▶ **Entries shown**:

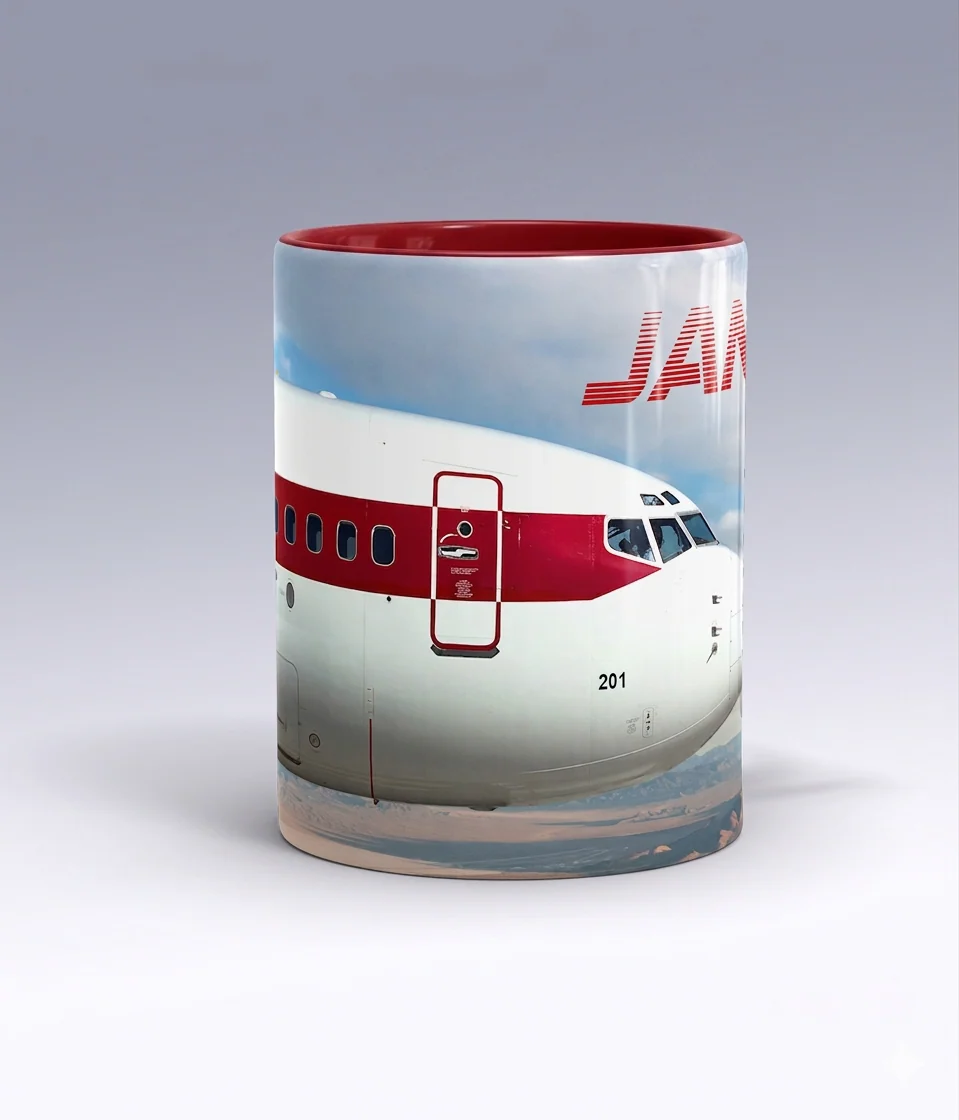 MUG: Janet Jets - Image 5
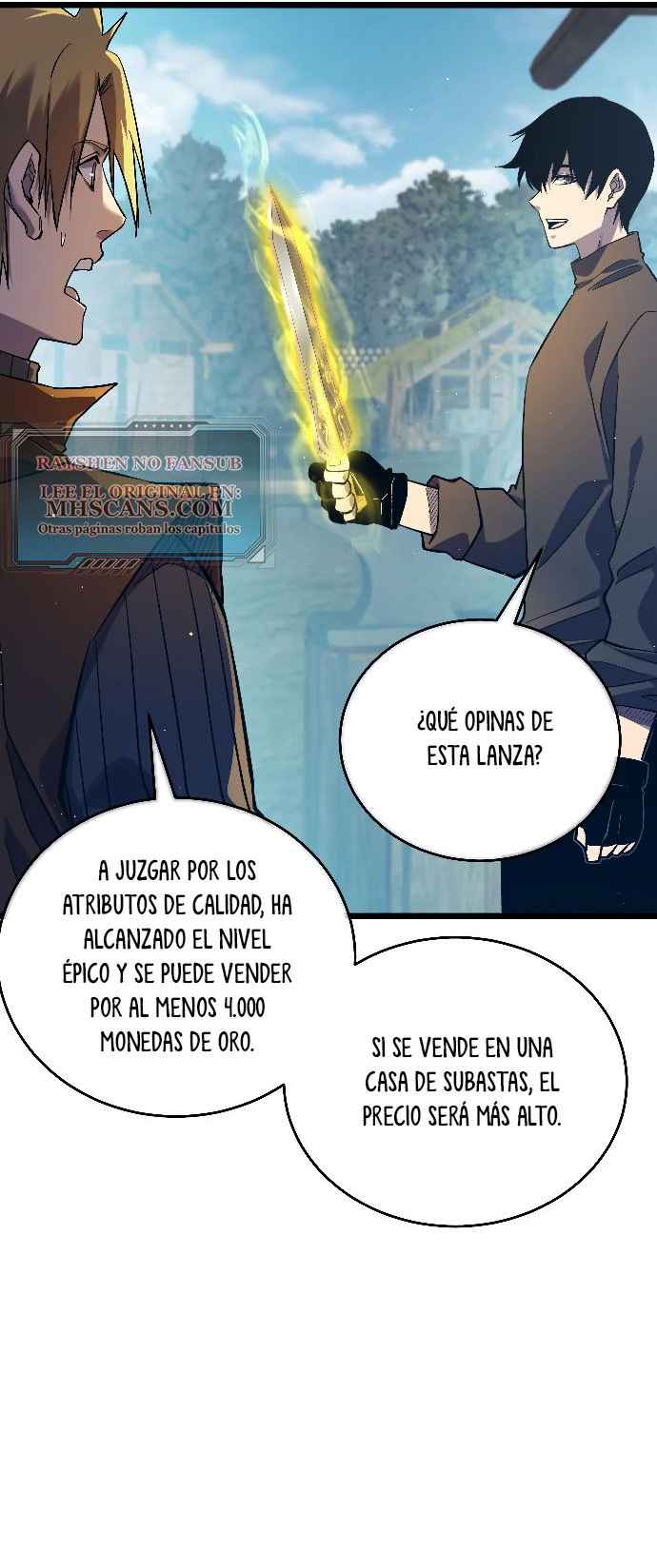 Mis Habilidades Pasivas son Invencibles Capitulo 73 página 33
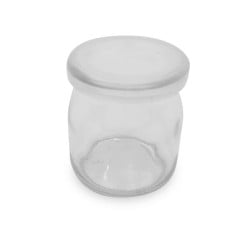Frasco Pequeno Liso con Tapa Plastica de 150 Mililitros TIPS C-089-01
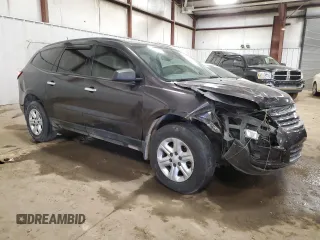 2016 Chevrolet Traverse LS with VIN 1GNKRFED4GJ285875, listed as a Copart auction lot 85251584 with 143,475 mi miles and Clean Title. Bid and sale history available at carsss.com. Image 4.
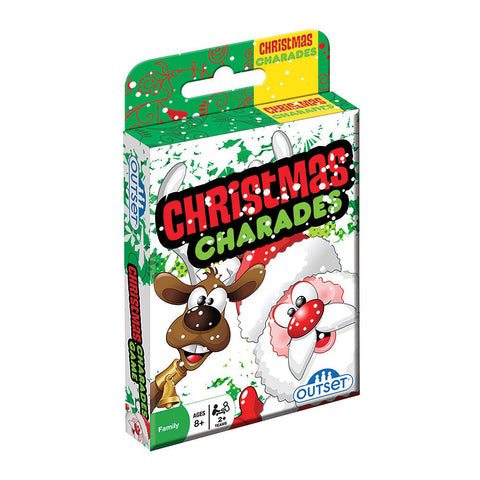 Christmas Charades Card Game, shoptreeboutique.com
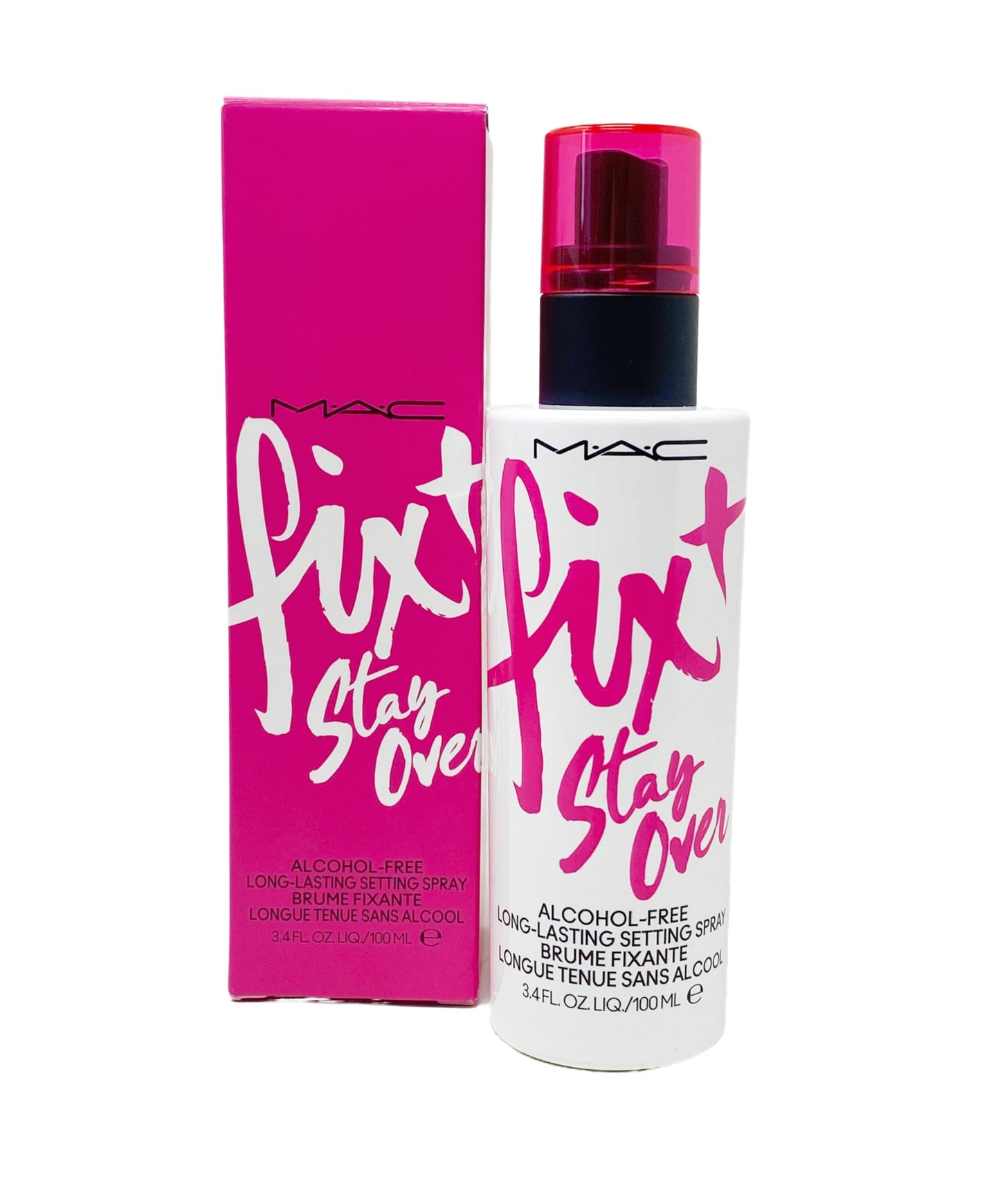 M.A.C Cosmetics Fix + Stay Over Long-Lasting Setting Spray (3.4 Fl Oz / 100 mL) Beauty & Personal Care MAC
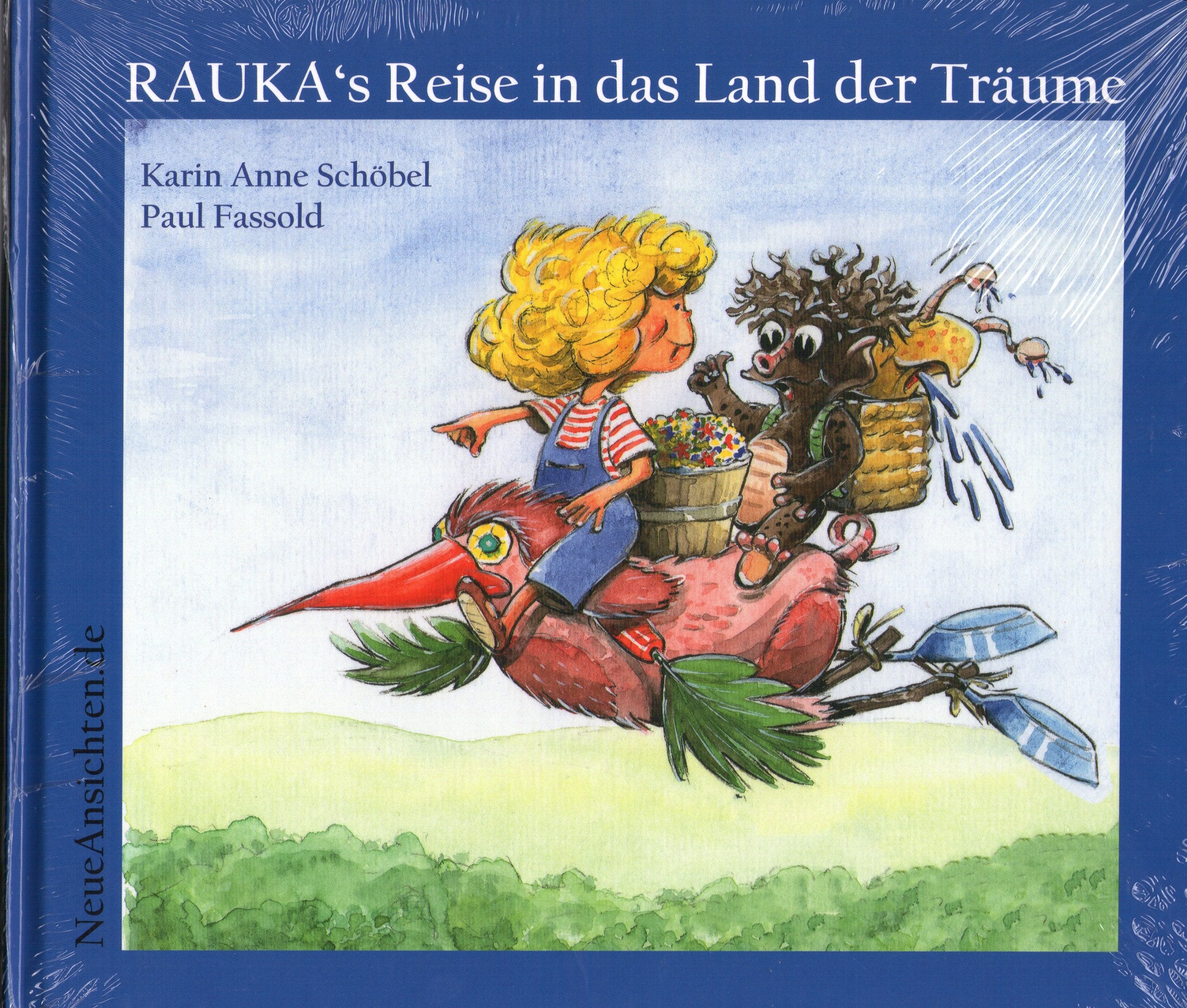 Rauka's Reise in das Land der Träume Novels & Short Stories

▶ **Work instruction**:
Because only the text is wanted, repeat all the entries exactly and leave out the pictures.

▶ **Output of the task**:
 MUG: Janet Jets - Image 5
 Mis Habilidades Pasivas son Invencibles Capitulo 73 página 33
Frasco Pequeno Liso con Tapa Plastica de 150 Mililitros TIPS C-089-01
 2016 Chevrolet Traverse LS with VIN 1GNKRFED4GJ285875, listed as a Copart auction lot 85251584 with 143,475 mi miles and Clean Title. Bid and sale history available at carsss.com. Image 4.
 Christmas Charades Card Game, shoptreeboutique.com
 M.A.C Cosmetics Fix + Stay Over Long-Lasting Setting Spray (3.4 Fl Oz / 100 mL) Beauty & Personal Care MAC
 Rauka's Reise in das Land der Träume Novels & Short Stories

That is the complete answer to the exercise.